- **What this task involves**
Restate, exactly as written, the entries below from the line that holds "Grass Cutin Porter,77365,Lawn" through the line that holds "Miniature Dachshund dogs". Pictures are not part of the copy.
*** Listed records Section Begins ***
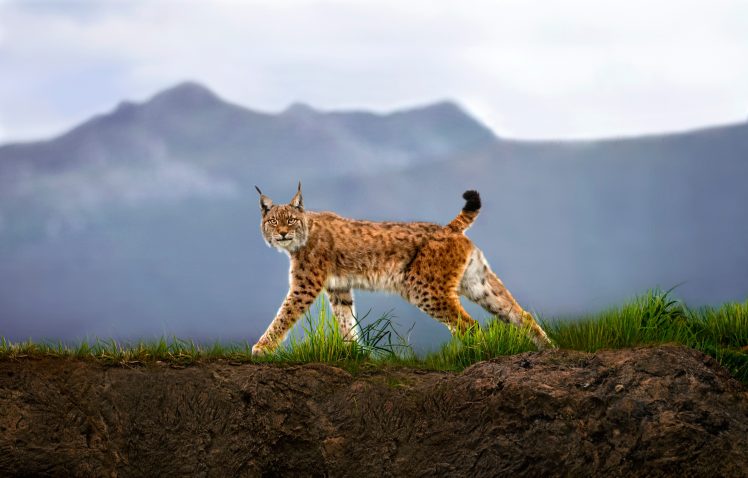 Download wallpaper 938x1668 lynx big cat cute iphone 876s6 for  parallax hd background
*** Listed records Section Ends ***
*** Listed records Section Begins ***
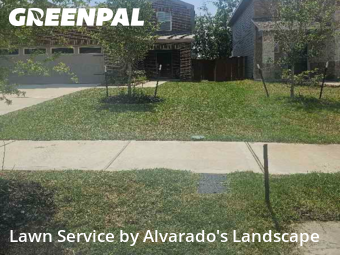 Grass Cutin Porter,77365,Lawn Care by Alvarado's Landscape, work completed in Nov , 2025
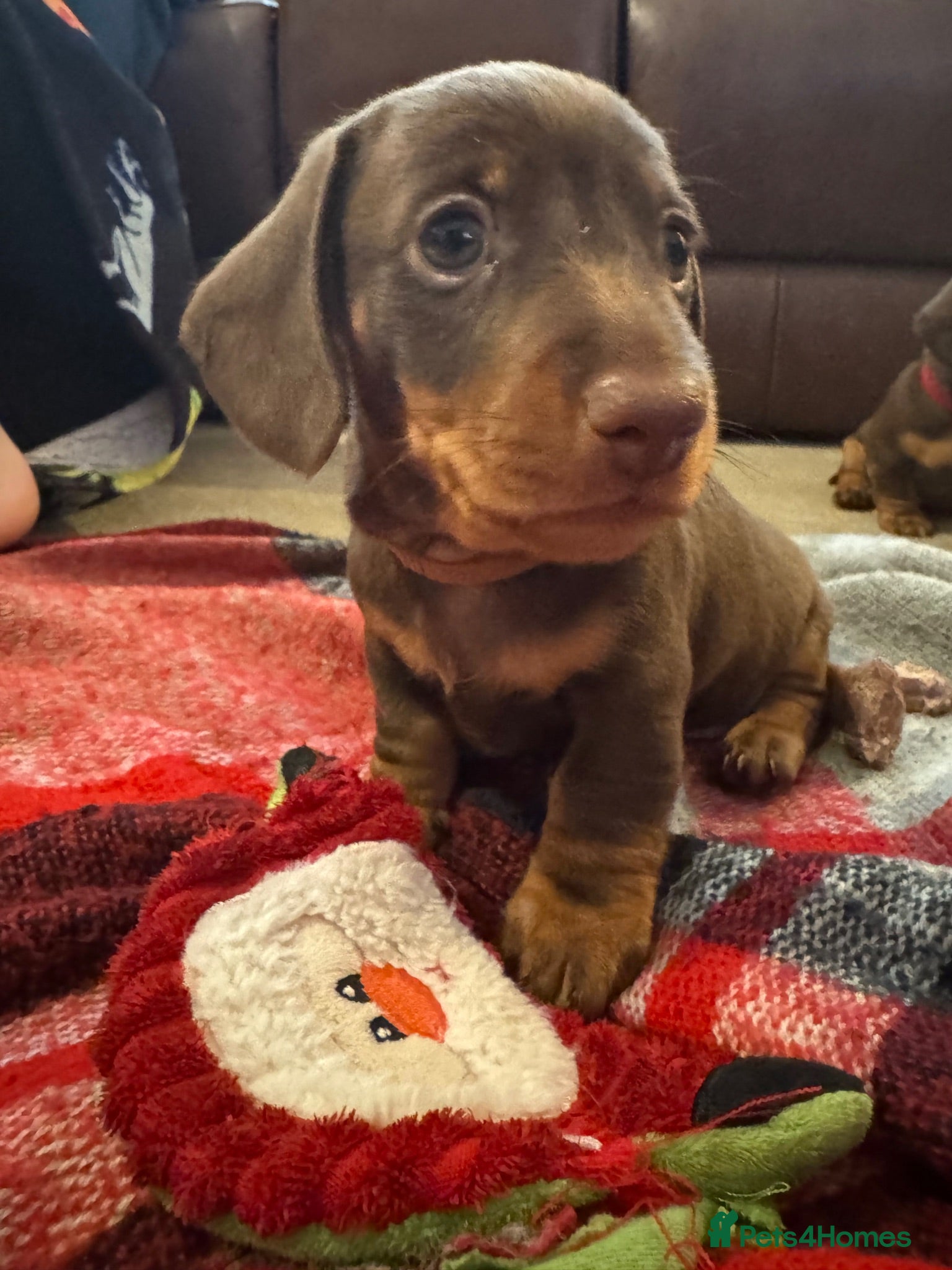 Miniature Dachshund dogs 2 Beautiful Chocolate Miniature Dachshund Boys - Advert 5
*** Listed records Section Ends ***
- **Response area**
 Grass Cutin Porter,77365,Lawn Care by Alvarado's Landscape, work completed in Nov , 2025
 Miniature Dachshund dogs 2 Beautiful Chocolate Miniature Dachshund Boys - Advert 5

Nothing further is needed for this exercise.